I love how simple, yet effective Alison’s topping suggestions are. Little is required to prep them beyond slicing a red onion and tearing up pieces of kale. She leaves all the work for the assembly, which is the most fun part any way. This recipe creates two pizzas, however I wanted to cook them one at a time. Stacking two baking sheets in my oven makes everything take longer and cook more imprecisely. To stagger the pizzas, I separated the dough in two after the second rise and put half in the fridge, covered in saran wrap. I let the first dough prove on a baking sheet, then topped it for baking about 35 minutes later. 

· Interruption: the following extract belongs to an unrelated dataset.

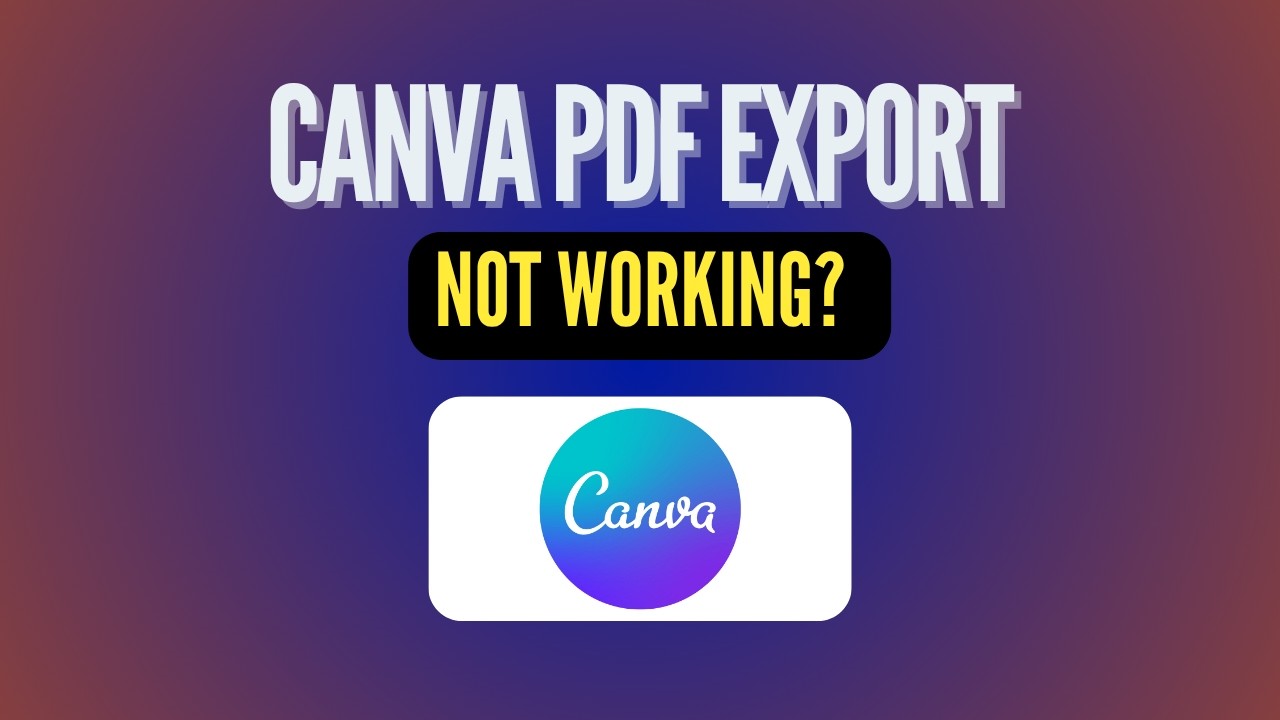Canva PDF Export Not Working — Try These Fixes (2026 Guide) - YouTube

The first pizza was Alison’s Pepperoni Pie, and I followed it to a tee: tomato sauce, mozzarella, pepperoni, red onion, olive oil drizzled over the crust, then sprinkled with flaky salt. The instructions say to bake for 30 to 35 minutes. I removed my pie in 30 minutes, and found that the crust got a little overbaked. It was rather tough to bite into. I course-corrected the second pie and took it out in 27 minutes. The crust was comparatively easier to chew, but still achieved that toasty, golden look. 

While the pepperoni pie baked in the oven, I let the second dough prove on a sheet pan for the other pizza: Lemony Greens Pie. Jordan and I are big “meat on my pizza” people, so I was shocked to hear that both he and one of our dinner guests preferred this pizza over the pepperoni pie. I was worried that this pie wouldn’t have much going for it, flavor-wise, but I was wrong. 

I followed Alison’s topping list again: whole milk ricotta, topped with torn kale massaged in olive oil, grated parmesan, red onion, olive oil drizzled over the crust, then sprinkled with flaky salt. I also added red pepper flakes for a touch of heat. After the pizza came out of the oven, I topped it with parsley and lemon juice, plus a few finely chopped anchovies. The kale comes out partially crisped, and the parmesan becomes sort of crunchy and golden. Lemon juice really unites the ingredients and makes them taste brighter. 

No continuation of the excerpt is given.